L’articolo pubblicato da Agenzia DIRE mette in luce una grave criticità nel mondo sindacale militare, evidenziando come alcuni sindacati stiano trasformando la loro funzione da rappresentanza vera dei lavoratori a un sistema autoreferenziale e privilegiato. Invece di concentrarsi sui problemi reali e urgenti dei militari — stipendi fermi, carenze di alloggi, blocco delle carriere e un personale sempre più ridotto — ci si dedica a rivendicazioni che tutelano solo la “casta” sindacale: elettività riservata a ranghi alti, garantendo posizioni comode e vantaggi economici e pensionistici.
Questa deriva rischia di alimentare un rifacimento del vecchio Cocer, col pericolo di creare una nuova élite che interessi solo se stessa, lontana dalle esigenze di chi indossa quotidianamente l’uniforme e serve davvero lo Stato.
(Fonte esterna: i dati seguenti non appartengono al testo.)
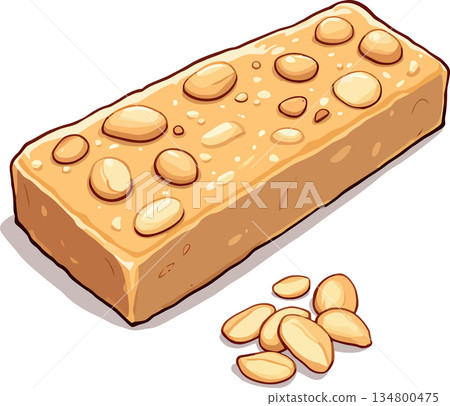Vsai peanut brittle bar and whole peanuts 134800475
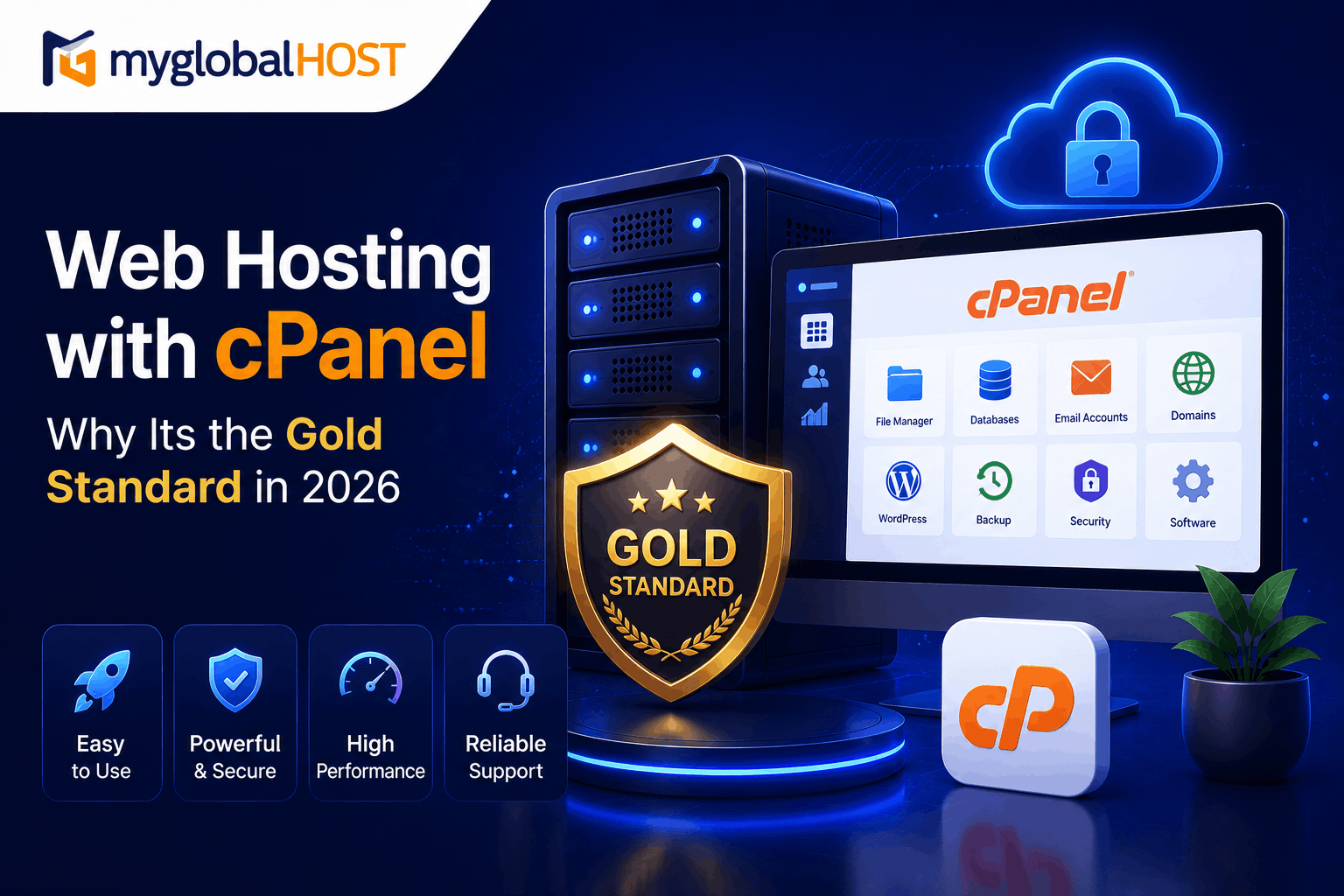 Web Hosting with cPanel & Why Its the Gold Standard in 2026 1 Web Hosting with cPanel | myglobalHOST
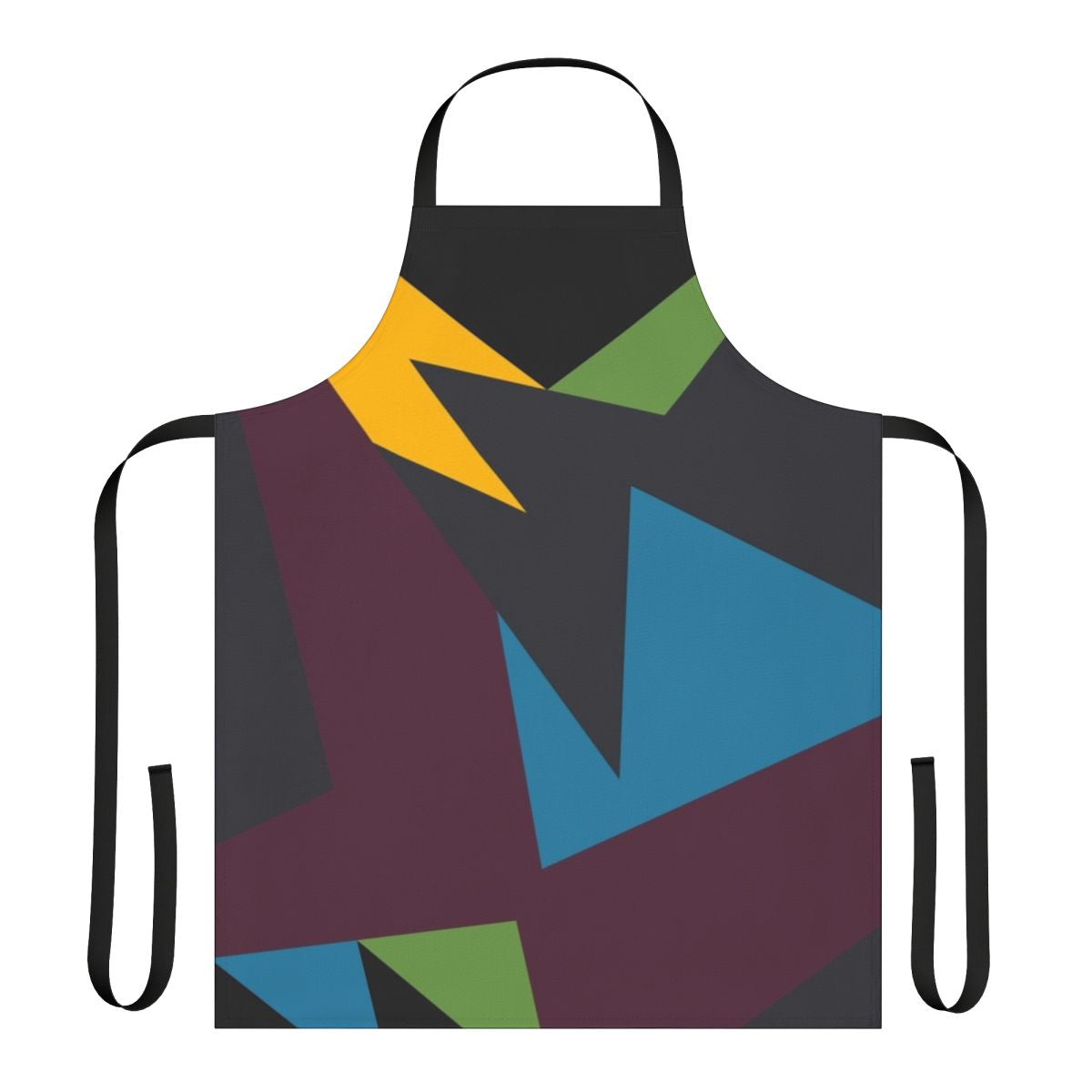 Close-up of a stylish apron featuring a design inspired by the iconic Jordan Vii Bordeaux sneaker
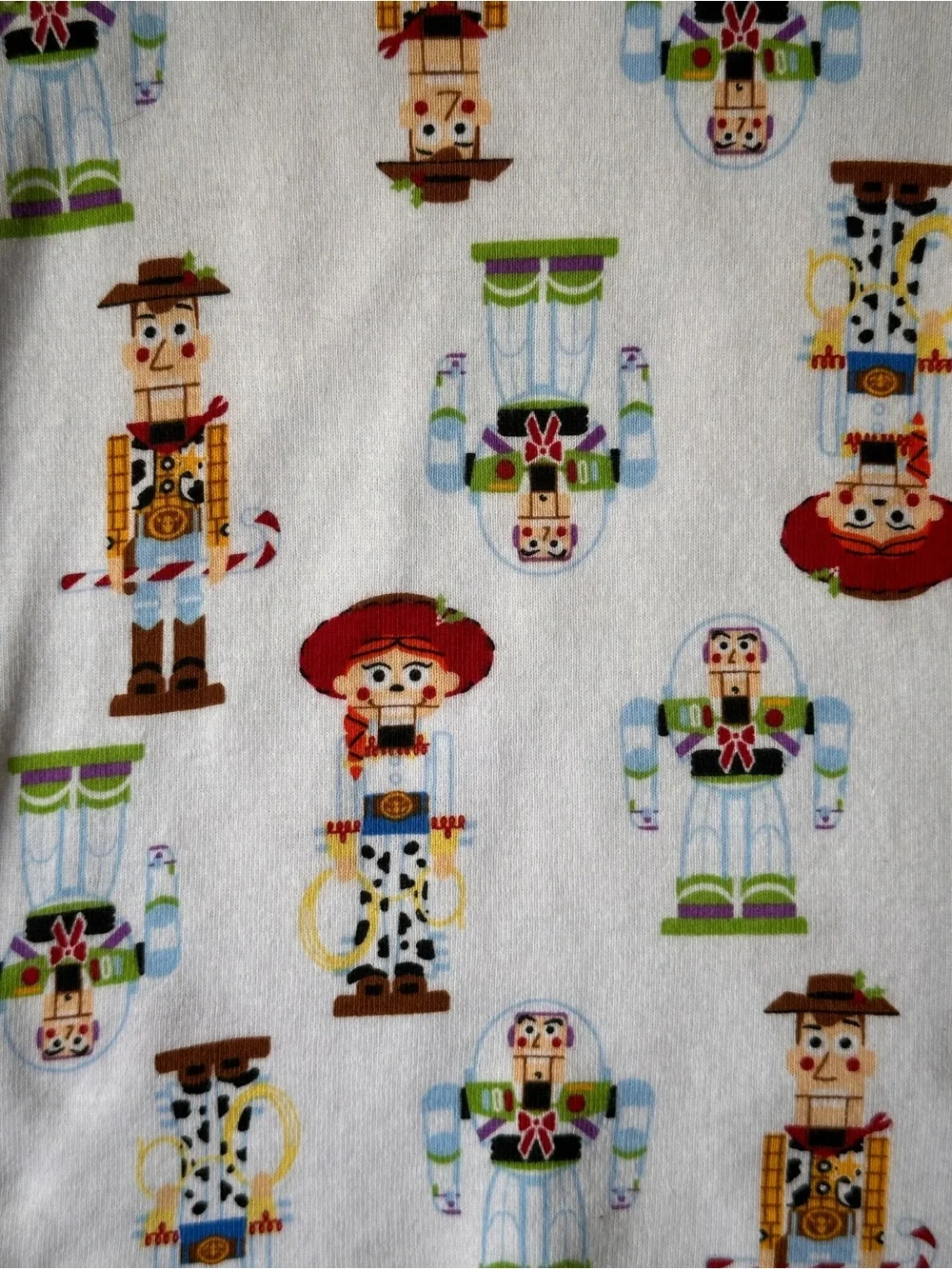 Disney Pixar Toy Story Nutcracker Christmas Holiday Unisex Pajama Set Size 5T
Il sindacato deve essere strumento di lotta e miglioramento per tutti, non un sistema di privilegi per pochi. Quando la governance sindacale si piega a logiche di potere interno, si tradisce il mandato di rappresentanza e si abbandona il personale militare a difficoltà crescenti. Occorre ribaltare questa prospettiva, riportando centralità alle istanze concrete di lavoratori e militari, senza favoritismi né connivenze.
In sintesi, il rischio è di ignorare i veri problemi per garantire un sistema di privilegi, e su questo non c’è spazio per ambiguità. I sindacati militari attualmente sono solo un’estensione del vecchio COCER a spese del soldato.